In the relativistic case, transforming velocities between frames is more complicated. Instead of the Galilean transformation, we must use the Lorentz transformation.

The rule for a Lorentz transformation of a velocity $$v$$ by a velocity $$V$$ (in the same direction!) is that the velocity in the new frame, $$v'$$, is given by

$v' = \frac{v+V}{1+\frac{vV}{c^2}}$

In our case, that turns into

$u = \frac{v_\text{e}-v}{1-\frac{vv_\text{e}}{c^2}}$

In a previous article, I’ve described how to derive the relativistic rocket equation using velocities like this. But the equation turns out to be somewhat clearer if we use rapidities instead of velocities directly.

In relativity, velocities of a massive object are always between $$-c$$ and $$c$$, but it can have unlimited amounts of kinetic energy or momentum. A small change in velocity near $$c$$ causes a much bigger change in an object’s momentum and kinetic energy than when the velocity is near $$0$$. As a metaphor, we can imagine the velocities have been ‘squashed up’.

A rapidity $$w$$ is defined by an equation like $$\tanh w = \frac{v}{c}$$. By using rapidities, we can imagine ‘stretching out’ the velocity over the full range between $$-\infty$$ and $$+\infty$$, in a way that makes them able to be added and subtracted directly, just like velocities.

Let’s define two rapidities: $$\tanh w = \frac{v}{c}$$ and also $$\tanh r = \frac{u}{c}$$. We also have the exhaust rapidity $$\tanh w_\text{e}=\frac{v_\text{e}}{c}$$.
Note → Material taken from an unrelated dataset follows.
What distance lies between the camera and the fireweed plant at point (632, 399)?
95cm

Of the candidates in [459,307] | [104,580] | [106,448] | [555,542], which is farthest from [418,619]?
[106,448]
With rapidities, the velocity addition formula is greatly simplified. The formula for adding arguments of the hyperbolic tangent is

$\tanh(x+y)=\frac{\tanh x + \tanh y}{1+ \tanh x \tanh y}$

which has the exact same form as the velocity addition formula. The result is that we can add rapidities together like velocities in Newtonian mechanics. Boosting by a rapidity $$W$$ we get…

$w'= w + W$

and in this case…

$r = w_\text{e}- w$

## Information: Differential of a function

There are a number of ways to derive the rocket equation, but here we’re going to do it in a way that can be easily paralleled by the relativistic case later, using the concept of a differential of a function.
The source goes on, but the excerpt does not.